Why is NASS denying knowledge of grazing reserve bill?

Last week, Nigerian Senators said there was no bill seeking to establish national grazing reserves in all states of the federation. This is true. But the House or representatives does have such a bill. In fact, it has passed second reading. President Muhammadu Buhari’s administration seem poised to immediately sign the bill into law once it is adopted by both the Senate and House of Representatives.

Affirming the President’s support for the bill, the Senior Special Assistant to the President on Media and Publicity, Mr. Garba Shehu, said “The president took the matter to the National Council of State where the governors sit with the vice president to solve problems of security. Their decision was that they will go back to all the ideas that had been there before, which is to carve out grazing reserves for cattle rearers. With that, there will be a clear difference between farmlands and grazing land, because it is when cattle are driven into farmlands” that the trouble arises.”

The bill is replete with inconsistences and grey areas. Hajiya Zainab Kure pushed for the bill in the 7th National Assembly. It died then, but it has mysteriously resurfaced again. The Bill’s key provisions includes the following:

  1. To establish a National Grazing Reserve Commission, NGRC.
  2. The NGRC may acquire, hold, lease or dispose of any property, moveable or immoveable for the purpose of carrying out its function.
  3. The NGRC shall have a governing Council headed by a Chairman appointed by the President and confirmed by the Senate.
  4. Lands at the disposal of the Federal Government of Nigeria can be carved out as grazing reserves.
  5. Any lands in respect of which it appears to the Commission that grazing in such land should be practiced will be taken from owners.
  6. State Governments shall be given notice first before land acquisition and gazetting.
  7. The Commission shall pay compensation to persons affected by any land acquisition.
  8. There shall be no improvements, encroachment, bush burning, hunting, use of chemicals and felling of trees by anyone inside lands acquired and demarcated as National Grazing Reserves or Stock Routes.
  9. Contravention of any of the provisions above shall be punishable by a fine of N50, 000 or 5 years of imprisonment or both.
  10. No Court of law shall carry out execution of its judgment or attachment of court process issued against the Commission in any action or suit without obtaining the prior consent of the Attorney General of the Federation.

The bill does not however state who cattle rearers are. The bill does not state whether all Nigerians of all ethnic groups who rear animals will be allowed to use the grazing reserves and stock routes. Again, the bill does not say how grazing reserves and stock routes will be monitored by security agencies. The bill seem to favor two ethnic groups, Hausa-Fulani, at the expense of over 250 other ethnic nationalities in Nigeria.

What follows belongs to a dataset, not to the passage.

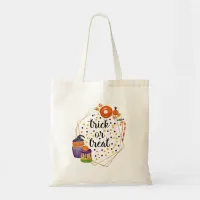 trick or treat Halloween candies Tote Bag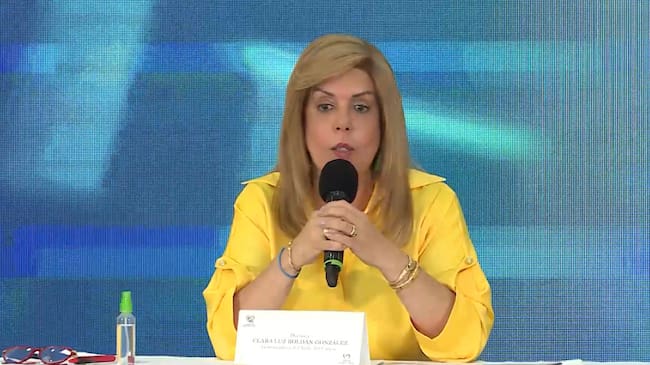 Clara Luz Roldán. Foto: Gobernación Del Valle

Stock routes linking grazing reserves from North to South with no security provisions may create routes for invaders to infiltrate and traverse the length and breadth of the country at will. Our security will be thoroughly compromised. The Senate had alluded that the rampaging Fulani herdsmen are not Nigerians. So why provide grazing reserves for them? Why give them an express route from North to South?

The Bill is partly built on the premise of the touchy Land Use Act which Obasanjo signed into law in 1978. The NASS was already debating amending certain provisions of the act. To use such faulty act to build another contentious bill stands logic in its head.

Our suggestions for solving incessant clashes between Fulani herdsmen and farmers are as follows:

  1. Amend the 1978 land use act to reflect current realities first.
  2. Socially restructure the outdated nomadic way of life of Fulani herdsmen and consider ranches instead.
  3. Cattle rearers should purchase lands following all extant laws and use same for grazing.

This country belongs to all of us. It belongs to no one. To even reason that the current National Assembly is debating and considering passing such a law is baffling to say the least.